The Three Vehicles of Buddhism

Speaking about the relationship between the tantric teachings and those of the hinayana and ordinary mahayana Lama Jampa said:

We cannot practise the vajrayana in isolation as it rests upon the preceding two vehicles. The vajrayana is the culmination of the preceding teachings because whereas the common dharma in the preceding vehicles presents a long path to enlightenment, in the vajrayana it’s possible to achieve enlightenment in a single lifetime. 

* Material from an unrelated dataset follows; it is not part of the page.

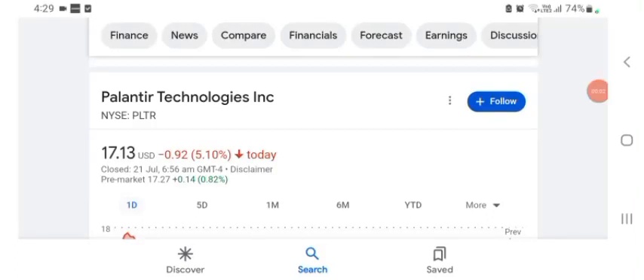Hello guys, welcome back to my YouTube channel. In this video we are going to talk about PLTR stock. I'm going to take a look at the fundamentals of this company and also take a look at the chart to see how this company is doing, so you know if it's worth your risk of investing. Let's get to what PLTR does, so I am going to go to the profile here.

The Transmission of the Buddha's Vajrayana Teachings

Lama Jampa outlined the transmission of the tantras from India to Tibet. He explained that the transmission of the vajrayana teachings comes ‘from the Buddhas themselves, so from an enlightened source down through an unbroken lineage’ .  Next Lama Jampa taught about the different motivations for practising. For those who wish to practice the dharma primarily for the benefit of others, Buddha taught the Mahayana, ‘ an extensive and profound method of practice in order to benefit all beings.’  Lama Jampa explained that we develop our ability to do this by 

Practising a method which is extensive and profound. It’s extensive because we have to practise many methods such as giving, moral discipline and effort etcetera, but it’s profound because we have to cultivate the correct view of the world, penetrating right to the heart of things. One leads to compassion and the other leads to wisdom. The motivation that motivates and animates this second group of disciples is bodhicitta which is total altruism.... We’re building the foundation for the vajrayana first as you need to have the bodhicitta motivation before you can consider the vajrayana. 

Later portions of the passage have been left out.